## WORKING DATA
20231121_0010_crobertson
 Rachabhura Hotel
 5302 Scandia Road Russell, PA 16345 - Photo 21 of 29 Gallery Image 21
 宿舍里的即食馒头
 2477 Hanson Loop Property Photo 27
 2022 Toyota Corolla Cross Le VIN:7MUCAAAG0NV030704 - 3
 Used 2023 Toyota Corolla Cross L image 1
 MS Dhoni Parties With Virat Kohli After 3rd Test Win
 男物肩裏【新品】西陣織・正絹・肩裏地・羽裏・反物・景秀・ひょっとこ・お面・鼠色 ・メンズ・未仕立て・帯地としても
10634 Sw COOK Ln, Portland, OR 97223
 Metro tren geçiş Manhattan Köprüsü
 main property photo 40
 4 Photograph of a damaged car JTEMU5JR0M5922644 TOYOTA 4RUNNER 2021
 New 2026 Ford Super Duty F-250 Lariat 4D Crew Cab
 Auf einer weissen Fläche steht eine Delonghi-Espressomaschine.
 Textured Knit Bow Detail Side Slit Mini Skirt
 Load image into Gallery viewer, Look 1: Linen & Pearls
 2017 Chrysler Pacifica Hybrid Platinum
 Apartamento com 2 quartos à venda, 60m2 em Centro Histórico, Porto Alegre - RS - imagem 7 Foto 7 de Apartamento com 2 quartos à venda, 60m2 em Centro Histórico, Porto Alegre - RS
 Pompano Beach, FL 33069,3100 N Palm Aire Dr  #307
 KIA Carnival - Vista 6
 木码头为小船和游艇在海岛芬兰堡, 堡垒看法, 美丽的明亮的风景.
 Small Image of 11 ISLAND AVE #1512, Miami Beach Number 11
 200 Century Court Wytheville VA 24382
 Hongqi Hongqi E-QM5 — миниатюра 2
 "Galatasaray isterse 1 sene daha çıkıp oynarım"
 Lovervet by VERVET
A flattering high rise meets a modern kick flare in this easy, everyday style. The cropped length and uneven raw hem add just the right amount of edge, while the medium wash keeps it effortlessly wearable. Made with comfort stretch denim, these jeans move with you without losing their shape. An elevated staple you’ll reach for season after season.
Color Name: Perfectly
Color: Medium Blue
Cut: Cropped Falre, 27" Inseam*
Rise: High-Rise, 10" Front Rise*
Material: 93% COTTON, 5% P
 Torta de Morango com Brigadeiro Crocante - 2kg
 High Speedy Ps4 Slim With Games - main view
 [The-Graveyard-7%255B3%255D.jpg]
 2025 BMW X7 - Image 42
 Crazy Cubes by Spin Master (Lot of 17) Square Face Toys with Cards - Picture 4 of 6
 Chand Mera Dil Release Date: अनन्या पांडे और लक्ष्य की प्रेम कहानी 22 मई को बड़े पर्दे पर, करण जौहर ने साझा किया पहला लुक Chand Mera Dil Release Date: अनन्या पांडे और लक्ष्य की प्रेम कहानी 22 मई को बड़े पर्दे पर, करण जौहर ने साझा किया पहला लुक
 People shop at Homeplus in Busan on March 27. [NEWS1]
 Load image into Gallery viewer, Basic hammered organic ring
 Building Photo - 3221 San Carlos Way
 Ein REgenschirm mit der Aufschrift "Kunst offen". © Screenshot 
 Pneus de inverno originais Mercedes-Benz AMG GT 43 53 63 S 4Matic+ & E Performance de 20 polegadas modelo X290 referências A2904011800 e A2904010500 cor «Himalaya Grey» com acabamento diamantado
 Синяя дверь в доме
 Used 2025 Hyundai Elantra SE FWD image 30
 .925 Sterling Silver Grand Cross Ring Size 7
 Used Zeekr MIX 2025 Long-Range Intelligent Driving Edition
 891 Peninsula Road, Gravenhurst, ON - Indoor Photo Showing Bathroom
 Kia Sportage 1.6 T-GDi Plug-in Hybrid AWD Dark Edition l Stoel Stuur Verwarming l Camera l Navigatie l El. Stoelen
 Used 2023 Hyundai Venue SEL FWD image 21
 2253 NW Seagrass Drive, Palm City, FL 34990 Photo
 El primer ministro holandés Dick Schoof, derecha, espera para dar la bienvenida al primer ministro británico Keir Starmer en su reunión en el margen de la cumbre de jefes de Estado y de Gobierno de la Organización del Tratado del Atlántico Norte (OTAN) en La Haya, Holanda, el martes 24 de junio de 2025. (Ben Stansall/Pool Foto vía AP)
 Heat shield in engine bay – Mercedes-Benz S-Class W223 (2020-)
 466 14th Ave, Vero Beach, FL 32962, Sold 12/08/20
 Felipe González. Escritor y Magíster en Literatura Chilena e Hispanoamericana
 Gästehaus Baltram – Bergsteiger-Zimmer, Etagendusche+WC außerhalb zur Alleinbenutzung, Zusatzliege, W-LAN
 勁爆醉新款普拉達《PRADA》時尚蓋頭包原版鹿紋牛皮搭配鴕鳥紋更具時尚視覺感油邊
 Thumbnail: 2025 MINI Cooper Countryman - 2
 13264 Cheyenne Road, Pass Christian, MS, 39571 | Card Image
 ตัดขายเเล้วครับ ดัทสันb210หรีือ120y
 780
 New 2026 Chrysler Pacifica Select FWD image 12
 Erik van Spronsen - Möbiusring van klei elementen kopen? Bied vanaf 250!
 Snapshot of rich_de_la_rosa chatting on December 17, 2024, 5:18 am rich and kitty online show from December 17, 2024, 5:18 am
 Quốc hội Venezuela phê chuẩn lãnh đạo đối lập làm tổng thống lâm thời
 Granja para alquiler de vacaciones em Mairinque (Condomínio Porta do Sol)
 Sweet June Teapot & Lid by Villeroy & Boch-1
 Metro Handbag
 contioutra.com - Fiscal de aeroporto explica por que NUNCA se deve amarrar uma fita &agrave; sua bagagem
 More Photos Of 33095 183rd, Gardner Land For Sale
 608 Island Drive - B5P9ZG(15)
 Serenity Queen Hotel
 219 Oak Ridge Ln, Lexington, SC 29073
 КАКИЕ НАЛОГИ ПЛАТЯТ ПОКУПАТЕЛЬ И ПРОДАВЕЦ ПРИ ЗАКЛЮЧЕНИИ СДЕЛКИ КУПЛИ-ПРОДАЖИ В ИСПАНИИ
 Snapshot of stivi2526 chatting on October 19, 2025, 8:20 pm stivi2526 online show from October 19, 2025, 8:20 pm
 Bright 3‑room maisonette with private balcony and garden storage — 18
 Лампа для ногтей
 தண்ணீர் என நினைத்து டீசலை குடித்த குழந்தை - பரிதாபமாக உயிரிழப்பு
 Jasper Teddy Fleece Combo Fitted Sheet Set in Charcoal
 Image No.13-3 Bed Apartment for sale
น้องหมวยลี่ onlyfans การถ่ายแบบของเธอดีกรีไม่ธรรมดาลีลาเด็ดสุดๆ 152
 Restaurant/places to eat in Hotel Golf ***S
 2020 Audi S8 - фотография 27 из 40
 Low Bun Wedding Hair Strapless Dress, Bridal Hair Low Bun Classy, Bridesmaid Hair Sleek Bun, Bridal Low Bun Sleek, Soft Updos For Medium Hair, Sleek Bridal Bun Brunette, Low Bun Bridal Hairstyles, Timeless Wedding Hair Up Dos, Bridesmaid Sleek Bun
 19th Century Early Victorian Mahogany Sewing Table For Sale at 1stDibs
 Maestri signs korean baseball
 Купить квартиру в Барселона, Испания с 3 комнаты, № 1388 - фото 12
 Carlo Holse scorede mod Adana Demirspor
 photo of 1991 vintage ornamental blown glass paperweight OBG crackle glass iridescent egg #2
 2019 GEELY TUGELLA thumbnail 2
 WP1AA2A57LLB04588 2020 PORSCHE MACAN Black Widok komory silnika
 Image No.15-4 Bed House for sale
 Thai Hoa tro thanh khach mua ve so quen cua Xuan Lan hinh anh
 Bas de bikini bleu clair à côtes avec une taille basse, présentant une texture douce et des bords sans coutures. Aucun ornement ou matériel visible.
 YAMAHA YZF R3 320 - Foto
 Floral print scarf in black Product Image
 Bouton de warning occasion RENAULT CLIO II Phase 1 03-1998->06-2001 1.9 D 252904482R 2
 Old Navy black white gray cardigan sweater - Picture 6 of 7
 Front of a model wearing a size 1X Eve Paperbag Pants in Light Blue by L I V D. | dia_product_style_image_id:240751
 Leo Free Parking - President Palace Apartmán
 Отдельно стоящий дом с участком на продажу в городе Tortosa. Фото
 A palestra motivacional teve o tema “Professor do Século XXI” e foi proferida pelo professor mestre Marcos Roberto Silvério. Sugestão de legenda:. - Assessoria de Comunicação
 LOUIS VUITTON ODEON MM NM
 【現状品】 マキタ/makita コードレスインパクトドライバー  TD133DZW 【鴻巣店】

## ASSIGNED TASK
Starting at the line with "Pneus de inverno" and ending at the line with "Sweet June Teapot & Lid by Villeroy & Boch-1", print each line of the listing above exactly, with no other lines.

## ANSWER SPACE
 Pneus de inverno originais Mercedes-Benz AMG GT 43 53 63 S 4Matic+ & E Performance de 20 polegadas modelo X290 referências A2904011800 e A2904010500 cor «Himalaya Grey» com acabamento diamantado
 Синяя дверь в доме
 Used 2025 Hyundai Elantra SE FWD image 30
 .925 Sterling Silver Grand Cross Ring Size 7
 Used Zeekr MIX 2025 Long-Range Intelligent Driving Edition
 891 Peninsula Road, Gravenhurst, ON - Indoor Photo Showing Bathroom
 Kia Sportage 1.6 T-GDi Plug-in Hybrid AWD Dark Edition l Stoel Stuur Verwarming l Camera l Navigatie l El. Stoelen
 Used 2023 Hyundai Venue SEL FWD image 21
 2253 NW Seagrass Drive, Palm City, FL 34990 Photo
 El primer ministro holandés Dick Schoof, derecha, espera para dar la bienvenida al primer ministro británico Keir Starmer en su reunión en el margen de la cumbre de jefes de Estado y de Gobierno de la Organización del Tratado del Atlántico Norte (OTAN) en La Haya, Holanda, el martes 24 de junio de 2025. (Ben Stansall/Pool Foto vía AP)
 Heat shield in engine bay – Mercedes-Benz S-Class W223 (2020-)
 466 14th Ave, Vero Beach, FL 32962, Sold 12/08/20
 Felipe González. Escritor y Magíster en Literatura Chilena e Hispanoamericana
 Gästehaus Baltram – Bergsteiger-Zimmer, Etagendusche+WC außerhalb zur Alleinbenutzung, Zusatzliege, W-LAN
 勁爆醉新款普拉達《PRADA》時尚蓋頭包原版鹿紋牛皮搭配鴕鳥紋更具時尚視覺感油邊
 Thumbnail: 2025 MINI Cooper Countryman - 2
 13264 Cheyenne Road, Pass Christian, MS, 39571 | Card Image
 ตัดขายเเล้วครับ ดัทสันb210หรีือ120y
 780
 New 2026 Chrysler Pacifica Select FWD image 12
 Erik van Spronsen - Möbiusring van klei elementen kopen? Bied vanaf 250!
 Snapshot of rich_de_la_rosa chatting on December 17, 2024, 5:18 am rich and kitty online show from December 17, 2024, 5:18 am
 Quốc hội Venezuela phê chuẩn lãnh đạo đối lập làm tổng thống lâm thời
 Granja para alquiler de vacaciones em Mairinque (Condomínio Porta do Sol)
 Sweet June Teapot & Lid by Villeroy & Boch-1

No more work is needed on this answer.